**Task requirements:** Retype word for word the line containing "Póster Cachorro mordendo dedo (Frente)" and each line that follows it in the records below, through the last one, with no pictures.

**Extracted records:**

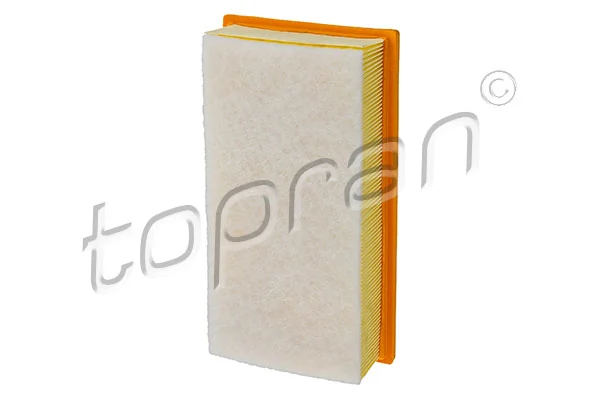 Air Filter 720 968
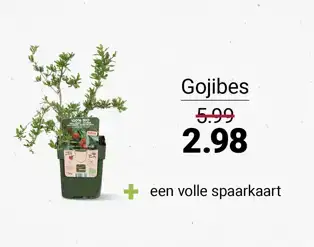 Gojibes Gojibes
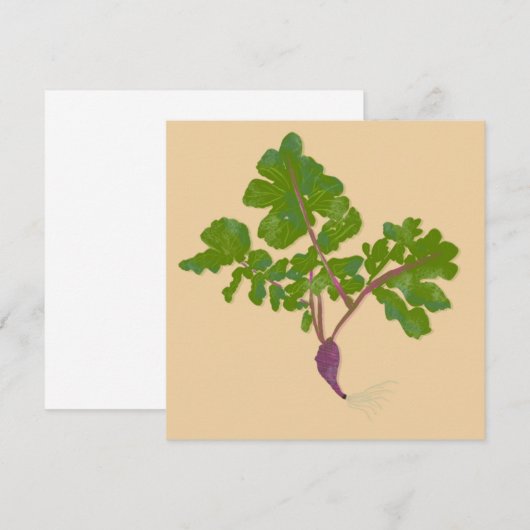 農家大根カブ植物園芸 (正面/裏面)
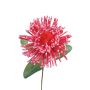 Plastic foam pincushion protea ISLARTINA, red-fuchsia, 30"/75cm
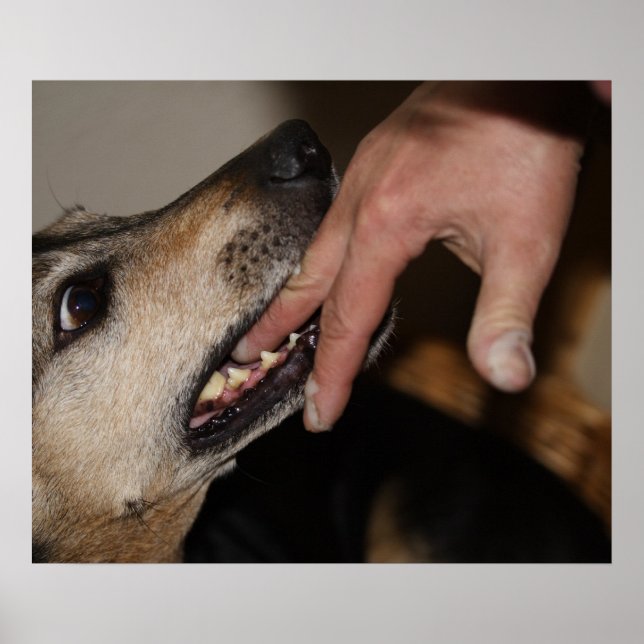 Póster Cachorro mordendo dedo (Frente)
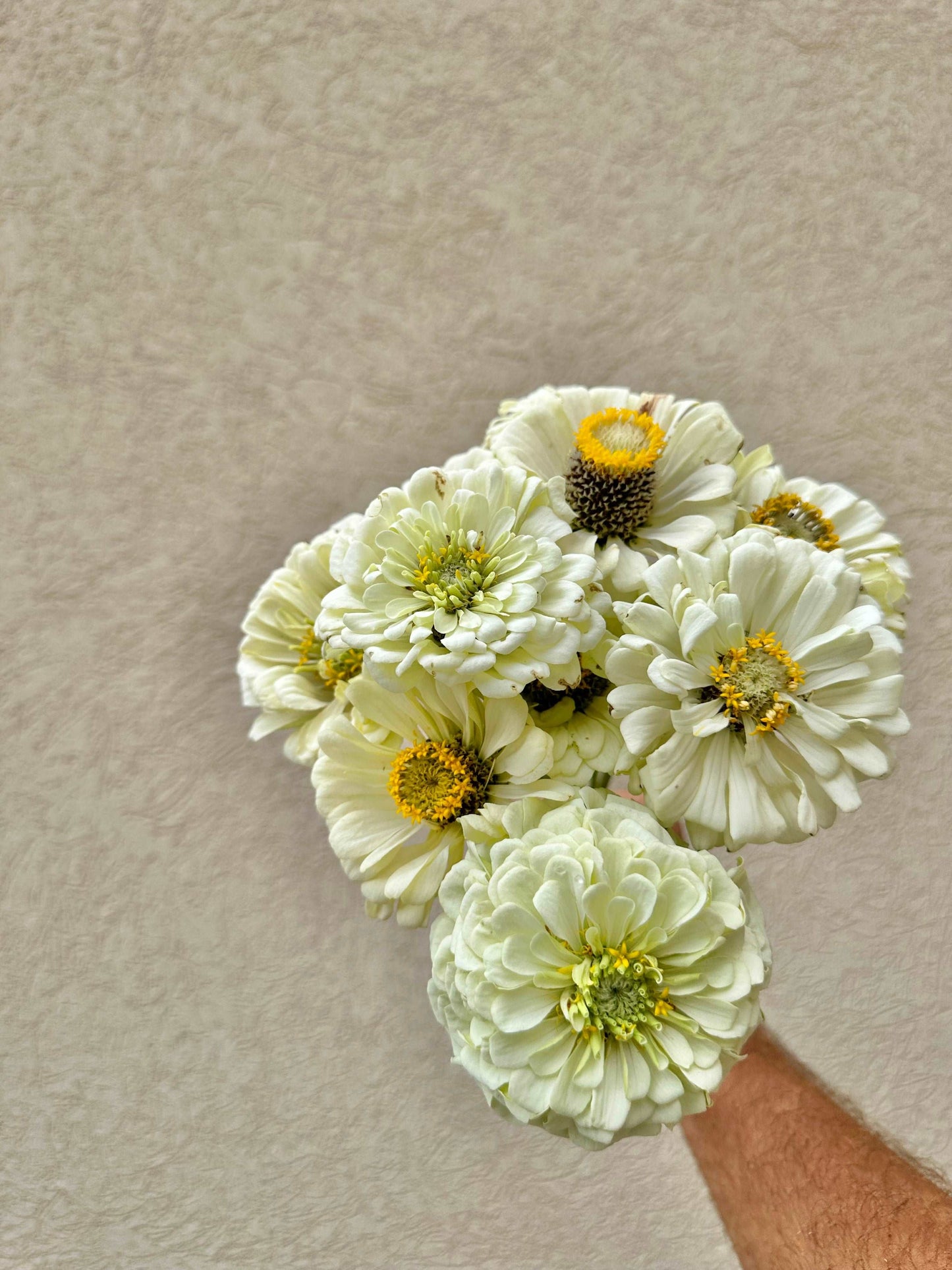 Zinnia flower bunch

**Output:**
 Póster Cachorro mordendo dedo (Frente)
 Zinnia flower bunch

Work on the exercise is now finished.